Il résulte de ces dispositions que lorsque le tribunal administratif ou le magistrat désigné à cette fin, prononce l’annulation d’une décision de ne pas accorder un délai de départ volontaire à un étranger obligé de quitter le territoire français, il lui appartient uniquement de rappeler à l’étranger l’obligation qui lui est faite de quitter le territoire français dans le délai qui lui sera fixé par l’autorité administrative, sans qu’il appartienne au juge administratif d’enjoindre au préfet de fixer un délai de départ.
En l’espèce, l’annulation des décisions portant refus de délai de départ volontaire et interdiction de retour sur le territoire français n’implique pas la délivrance d’un titre de séjour ou que la situation de l’intéressé soit réexaminée et qu’une autorisation provisoire de séjour lui soit délivrée. Par suite, les conclusions aux fins d’injonction et d’astreinte ne peuvent qu’être rejetées.
Sur les frais du litige :
Dans les circonstances de l’espèce, il n’y a pas lieu de mettre à la charge de l’État le versement d’une somme sur le fondement de l’article L. 761-1 du code de justice administrative.
D E C I D E :
Article 1er : L’arrêté du préfet du Val-d’Oise du 21 mars 2025 est annulé en tant qu’il n’accorde aucun délai de départ volontaire à M. E… et qu’il lui interdit le retour sur le territoire français pur une durée de trois ans.

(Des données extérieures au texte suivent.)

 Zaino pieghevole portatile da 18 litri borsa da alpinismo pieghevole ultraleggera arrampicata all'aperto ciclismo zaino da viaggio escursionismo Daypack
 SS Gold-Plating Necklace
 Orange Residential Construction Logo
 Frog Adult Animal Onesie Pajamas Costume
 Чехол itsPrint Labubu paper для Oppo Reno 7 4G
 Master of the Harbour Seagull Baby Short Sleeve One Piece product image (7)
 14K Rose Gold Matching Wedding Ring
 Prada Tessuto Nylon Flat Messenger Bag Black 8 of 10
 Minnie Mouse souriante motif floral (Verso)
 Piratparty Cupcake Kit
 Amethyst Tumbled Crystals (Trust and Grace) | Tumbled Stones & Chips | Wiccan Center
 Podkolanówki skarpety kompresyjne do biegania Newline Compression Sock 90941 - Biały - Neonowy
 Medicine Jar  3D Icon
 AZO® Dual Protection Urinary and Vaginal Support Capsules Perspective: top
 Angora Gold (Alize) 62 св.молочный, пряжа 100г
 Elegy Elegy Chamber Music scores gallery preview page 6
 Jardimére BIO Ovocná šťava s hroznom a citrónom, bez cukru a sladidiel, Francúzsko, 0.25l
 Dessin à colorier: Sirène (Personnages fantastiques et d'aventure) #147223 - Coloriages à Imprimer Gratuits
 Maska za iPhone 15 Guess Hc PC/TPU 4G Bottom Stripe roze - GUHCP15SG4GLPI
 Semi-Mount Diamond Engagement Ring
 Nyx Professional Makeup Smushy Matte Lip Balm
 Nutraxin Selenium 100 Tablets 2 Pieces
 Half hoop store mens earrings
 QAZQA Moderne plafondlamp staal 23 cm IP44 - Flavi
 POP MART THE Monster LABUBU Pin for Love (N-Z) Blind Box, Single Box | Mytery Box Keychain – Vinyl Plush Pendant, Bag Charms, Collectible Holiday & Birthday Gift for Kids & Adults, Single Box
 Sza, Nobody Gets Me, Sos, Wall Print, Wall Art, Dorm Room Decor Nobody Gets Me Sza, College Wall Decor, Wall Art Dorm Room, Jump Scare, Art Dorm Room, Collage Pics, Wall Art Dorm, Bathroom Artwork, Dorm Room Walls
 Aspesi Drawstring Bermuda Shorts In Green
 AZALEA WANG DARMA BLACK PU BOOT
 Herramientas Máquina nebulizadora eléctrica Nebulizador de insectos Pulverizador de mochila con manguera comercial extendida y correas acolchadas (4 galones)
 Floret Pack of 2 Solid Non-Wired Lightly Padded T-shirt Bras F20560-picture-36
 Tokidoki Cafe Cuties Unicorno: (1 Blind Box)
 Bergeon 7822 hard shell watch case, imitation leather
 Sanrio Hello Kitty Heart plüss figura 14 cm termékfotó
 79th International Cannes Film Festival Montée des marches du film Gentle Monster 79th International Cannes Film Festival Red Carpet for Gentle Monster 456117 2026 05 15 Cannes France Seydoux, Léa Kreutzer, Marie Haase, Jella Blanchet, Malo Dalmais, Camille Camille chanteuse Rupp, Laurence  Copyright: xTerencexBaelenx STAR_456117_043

Article 2 : Le surplus des conclusions de la requête est rejeté.
Article 3 : Le présent jugement sera notifié à M. F… et au préfet du Val-d’Oise.
Délibéré après l’audience du 7 octobre 2025, à laquelle siégeaient :
M. Bertoncini, président,
Mme Cuisinier-Heissler, première conseillère,
M. Jacquinot, conseiller,
Rendu public par mise à disposition au greffe le 6 novembre 2025.
Le rapporteur,
Signé
M. Jacquinot
Le président,
Signé
T. BertonciniLa greffière,
Signé
M. D…
La République mande et ordonne au préfet du Val-d’Oise en ce qui le concerne ou à tous commissaires de justice à ce requis en ce qui concerne les voies de droit commun contre les parties privées, de pourvoir à l’exécution de la présente décision.